With regard to your questions:

The Basal Ganglia (BG) network is a recurrent network, so it’s a fairly complex system. I’m not entirely sure what you mean by “code execution order”, but I take it to mean that you are asking how information flows within the BG network? If that is what you are asking, this paper explains the details of the BG network. Note that the BG network in Nengo is a Nengo adaptation of the BG network presented by Gurney, Prescott and Redgrave in their 2001 paper (google scholar link).

I’m not sure what you mean by this question too. The Nengo BG network (as with all other built in networks in Nengo) are initialized with randomly generated neuron properties. This being the case, the weights between the neural ensembles are all “tuned” when the model is built (and each time you build the model, it generates a new set of neurons and “tunes” a new set of weights).

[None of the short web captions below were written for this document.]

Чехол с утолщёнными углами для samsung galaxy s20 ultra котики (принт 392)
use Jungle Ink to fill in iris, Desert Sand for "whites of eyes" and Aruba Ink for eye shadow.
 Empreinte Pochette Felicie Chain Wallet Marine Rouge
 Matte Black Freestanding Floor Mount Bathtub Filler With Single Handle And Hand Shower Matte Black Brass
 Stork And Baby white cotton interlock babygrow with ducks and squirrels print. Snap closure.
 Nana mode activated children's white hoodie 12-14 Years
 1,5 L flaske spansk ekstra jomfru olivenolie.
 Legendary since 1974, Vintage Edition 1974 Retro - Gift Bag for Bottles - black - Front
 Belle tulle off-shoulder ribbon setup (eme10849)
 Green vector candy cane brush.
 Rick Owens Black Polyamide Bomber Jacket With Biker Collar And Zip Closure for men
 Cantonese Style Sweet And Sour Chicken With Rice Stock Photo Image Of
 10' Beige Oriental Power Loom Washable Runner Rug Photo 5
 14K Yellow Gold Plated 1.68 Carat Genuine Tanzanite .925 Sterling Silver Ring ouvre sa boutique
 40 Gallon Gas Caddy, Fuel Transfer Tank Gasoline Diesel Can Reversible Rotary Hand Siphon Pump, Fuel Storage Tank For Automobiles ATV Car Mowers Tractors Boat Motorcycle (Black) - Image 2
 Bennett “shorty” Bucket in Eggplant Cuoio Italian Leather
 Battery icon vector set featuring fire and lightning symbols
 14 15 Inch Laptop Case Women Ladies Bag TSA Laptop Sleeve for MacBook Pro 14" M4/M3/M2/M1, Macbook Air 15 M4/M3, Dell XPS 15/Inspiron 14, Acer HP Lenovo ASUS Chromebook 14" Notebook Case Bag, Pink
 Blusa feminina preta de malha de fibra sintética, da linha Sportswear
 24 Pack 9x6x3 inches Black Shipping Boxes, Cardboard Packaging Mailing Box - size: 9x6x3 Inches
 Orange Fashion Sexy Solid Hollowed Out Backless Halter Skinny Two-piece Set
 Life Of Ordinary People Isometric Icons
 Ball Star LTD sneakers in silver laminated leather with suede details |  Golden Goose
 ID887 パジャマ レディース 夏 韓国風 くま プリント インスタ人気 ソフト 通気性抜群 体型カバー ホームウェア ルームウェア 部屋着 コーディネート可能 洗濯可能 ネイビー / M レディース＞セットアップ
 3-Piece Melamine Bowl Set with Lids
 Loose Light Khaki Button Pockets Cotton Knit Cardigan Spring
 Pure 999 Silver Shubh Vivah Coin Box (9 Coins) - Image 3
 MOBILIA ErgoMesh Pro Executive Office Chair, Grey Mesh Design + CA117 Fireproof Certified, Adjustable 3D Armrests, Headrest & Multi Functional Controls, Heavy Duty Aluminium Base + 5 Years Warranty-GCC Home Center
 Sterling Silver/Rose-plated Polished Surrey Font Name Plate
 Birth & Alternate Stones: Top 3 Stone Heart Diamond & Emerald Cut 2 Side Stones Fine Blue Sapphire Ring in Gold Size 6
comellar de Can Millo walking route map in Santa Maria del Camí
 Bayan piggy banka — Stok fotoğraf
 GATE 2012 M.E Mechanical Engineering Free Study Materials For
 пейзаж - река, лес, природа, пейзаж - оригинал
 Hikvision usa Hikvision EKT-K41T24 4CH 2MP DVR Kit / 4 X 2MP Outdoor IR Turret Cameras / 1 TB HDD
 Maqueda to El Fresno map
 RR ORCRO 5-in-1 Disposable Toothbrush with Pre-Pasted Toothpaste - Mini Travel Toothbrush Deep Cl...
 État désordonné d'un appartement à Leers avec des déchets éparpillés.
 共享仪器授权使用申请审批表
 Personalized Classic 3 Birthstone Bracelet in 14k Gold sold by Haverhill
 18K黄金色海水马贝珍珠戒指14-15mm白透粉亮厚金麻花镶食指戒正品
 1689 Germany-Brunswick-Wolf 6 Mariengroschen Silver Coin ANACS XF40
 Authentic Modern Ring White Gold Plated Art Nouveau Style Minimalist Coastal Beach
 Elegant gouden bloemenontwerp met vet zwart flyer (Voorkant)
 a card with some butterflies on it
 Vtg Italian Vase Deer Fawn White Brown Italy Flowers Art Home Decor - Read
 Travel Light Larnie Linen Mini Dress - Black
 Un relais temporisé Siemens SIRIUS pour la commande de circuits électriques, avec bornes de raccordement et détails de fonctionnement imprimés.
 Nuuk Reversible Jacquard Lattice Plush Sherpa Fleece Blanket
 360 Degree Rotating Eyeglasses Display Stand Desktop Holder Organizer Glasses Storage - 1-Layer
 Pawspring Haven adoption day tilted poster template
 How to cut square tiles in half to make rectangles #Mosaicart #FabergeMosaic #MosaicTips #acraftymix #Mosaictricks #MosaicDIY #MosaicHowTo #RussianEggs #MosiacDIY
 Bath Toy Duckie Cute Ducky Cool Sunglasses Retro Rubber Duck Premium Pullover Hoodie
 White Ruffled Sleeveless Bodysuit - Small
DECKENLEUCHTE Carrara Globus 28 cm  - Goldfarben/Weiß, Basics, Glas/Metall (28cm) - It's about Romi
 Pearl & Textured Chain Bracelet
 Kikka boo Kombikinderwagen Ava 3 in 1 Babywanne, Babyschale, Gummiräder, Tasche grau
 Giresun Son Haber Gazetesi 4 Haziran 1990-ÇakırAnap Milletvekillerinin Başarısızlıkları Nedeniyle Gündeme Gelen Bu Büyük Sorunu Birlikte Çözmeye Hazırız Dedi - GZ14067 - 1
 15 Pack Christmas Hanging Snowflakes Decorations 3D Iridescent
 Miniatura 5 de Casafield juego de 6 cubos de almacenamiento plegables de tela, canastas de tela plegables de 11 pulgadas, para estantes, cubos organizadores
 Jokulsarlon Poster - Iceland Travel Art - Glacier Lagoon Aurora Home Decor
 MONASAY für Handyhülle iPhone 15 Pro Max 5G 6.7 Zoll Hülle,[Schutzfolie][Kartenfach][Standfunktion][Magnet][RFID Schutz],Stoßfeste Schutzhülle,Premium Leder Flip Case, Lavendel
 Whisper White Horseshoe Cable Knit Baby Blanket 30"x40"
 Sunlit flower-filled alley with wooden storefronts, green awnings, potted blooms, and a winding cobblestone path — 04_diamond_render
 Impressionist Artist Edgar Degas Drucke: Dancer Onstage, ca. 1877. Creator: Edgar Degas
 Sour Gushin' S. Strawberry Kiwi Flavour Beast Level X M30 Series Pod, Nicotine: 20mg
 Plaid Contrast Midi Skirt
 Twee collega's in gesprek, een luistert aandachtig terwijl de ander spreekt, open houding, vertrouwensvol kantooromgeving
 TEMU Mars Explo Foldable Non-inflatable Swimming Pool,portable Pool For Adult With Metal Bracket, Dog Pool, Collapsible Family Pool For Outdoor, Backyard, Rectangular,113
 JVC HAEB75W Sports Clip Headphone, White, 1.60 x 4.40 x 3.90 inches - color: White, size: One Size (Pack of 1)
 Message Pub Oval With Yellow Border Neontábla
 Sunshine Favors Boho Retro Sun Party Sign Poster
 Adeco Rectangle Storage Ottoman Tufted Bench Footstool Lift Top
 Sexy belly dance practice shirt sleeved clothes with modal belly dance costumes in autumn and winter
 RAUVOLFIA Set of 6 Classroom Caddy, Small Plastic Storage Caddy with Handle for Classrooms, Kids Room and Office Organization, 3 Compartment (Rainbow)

By default, Nengo uses the NEF algorithm to “tune” (we use the words “solve”) for these weights. You can read a summary of the NEF algorithm here, or in detail in the Neural Engineering book.

The number of dimensions chosen to represent the SPA symbols is generally decided upon by the person designing the network. If the network needs to work with a lot of symbols, a higher dimensionality is used. If you are familiar with programming, you can think of the dimensionality as being similar to the number of bits used in a numerical representation (e.g., 8-bit integer vs 16-bit integer). A larger dimensionality allows you to represent more symbols in the same space without the symbols overlapping or clashing with each other.

When designing networks, we typically start out with a dimensionality of 16 or 32. As the network is fleshed out, and the performance is evaluated, we increase the dimensionality as needed to achieve a desired performance.

Yes, the source code for the BG network in Nengo can be found here.